Lisle pulled on his sleeve, a pout marring her perfect lips. “Where did you go?”

Did she really expect him to tell her his thoughts? On a first date? “What brought you to Lincoln?” He picked at the crumbs on his plate.

She started talking again, seemingly mollified, and Noah glanced at his watch. If things went smoothly, he would drop her off at her apartment in an hour. There must be a lesson buried in this endless, waste-of-time evening. A reason why the only thing to catch and hold his attention was the jolt of electricity he’d felt when he realized Tricia Jamison was in the same room. He’d noticed her the moment she strode into the restaurant, looking as if she was about to head into battle. Something made her feel the need to take charge, yet she’d floundered for words during her conversation with her mother. He’d never seen her like that.

No, the Tricia he knew from a year ago would impress anyone. Poised, with every hair perfectly in place. And a mind that kept her words sharply on target.

“You did it again.” Indignation painted a mask on Lisle’s face.

“Did what?”

“Disappeared.” Lisle crossed her arms and leaned away from him. “If I’m uninteresting, you should take me home. Now.”

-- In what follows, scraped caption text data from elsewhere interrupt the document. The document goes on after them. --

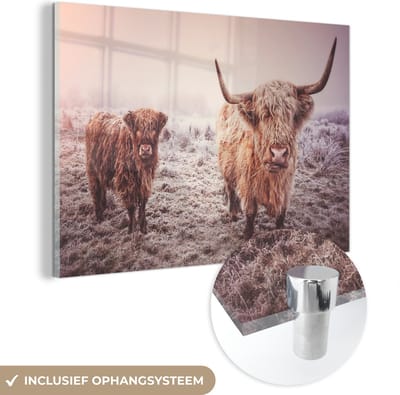 MuchoWow® Glasschilderij 150x100 cm - Schilderij acrylglas - Schotse Hooglanders - Sneeuw - Zon - Foto op glas - Schilderijen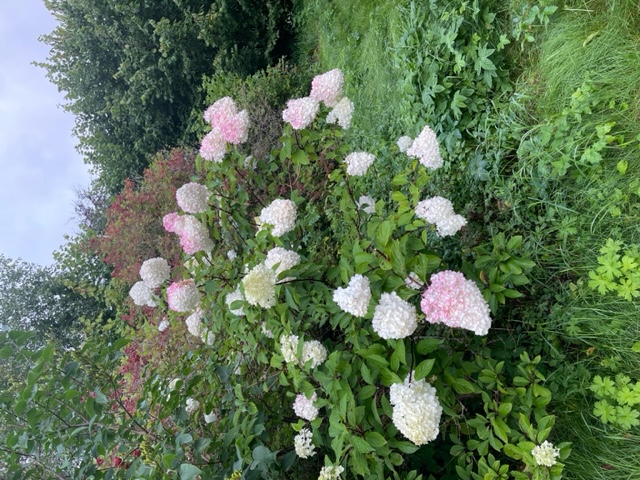 Hortensia-buske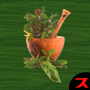 Ajurwedyjskie domowe środki zaradcze icon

Noah felt a twinge of remorse. Maybe Lisle wasn’t his type, but still his mama had raised him to show better manners than ignoring his date. “Are you sure?”

“Yes.”

Noah waved the waitress over and settled the check. He threw the tip on the table, and helped Lisle into her jacket.

As they left his gaze settled on Tricia. There was a tension in the way she sat that he’d never noticed, not even during the trial. Then she’d held herself erect out of engagement. Here she’d steeled herself against some type of assault. As if she feared what might come next.

Could she be afraid of him?

The thought made him stumble and his stomach clenched against the meal he’d just eaten.

Their interactions played through his mind. He’d been hard on her the last few times they’d spoken. Maybe harder than he’d intended or the situation warranted. Had she been hurt by his actions and words? Tricia was so strong, always so much in control. If she were as on top of things as she’d seemed, why couldn’t she have protected him at the trial? That was the root of his anger, but now he started to wonder. Had he expected too much from her? Been unrealistic?

Was he part of the reason sadness shaded her eyes?

He helped Lisle into his truck, and rubbed his neck as he walked around to the driver’s side, trying to focus on her rather than Tricia. She didn’t make it easy, though. If she couldn’t find a mute switch, he’d have a full-blown headache before he dropped her off. Another reason not to date. It never worked for him.

Once he got home, Noah tossed his keys on a table. Maybe the way to get Tricia out of his mind was to figure out what had happened at her mom’s. Then he could move on and forget about her again. He’d done it once. It shouldn’t be harder the second time.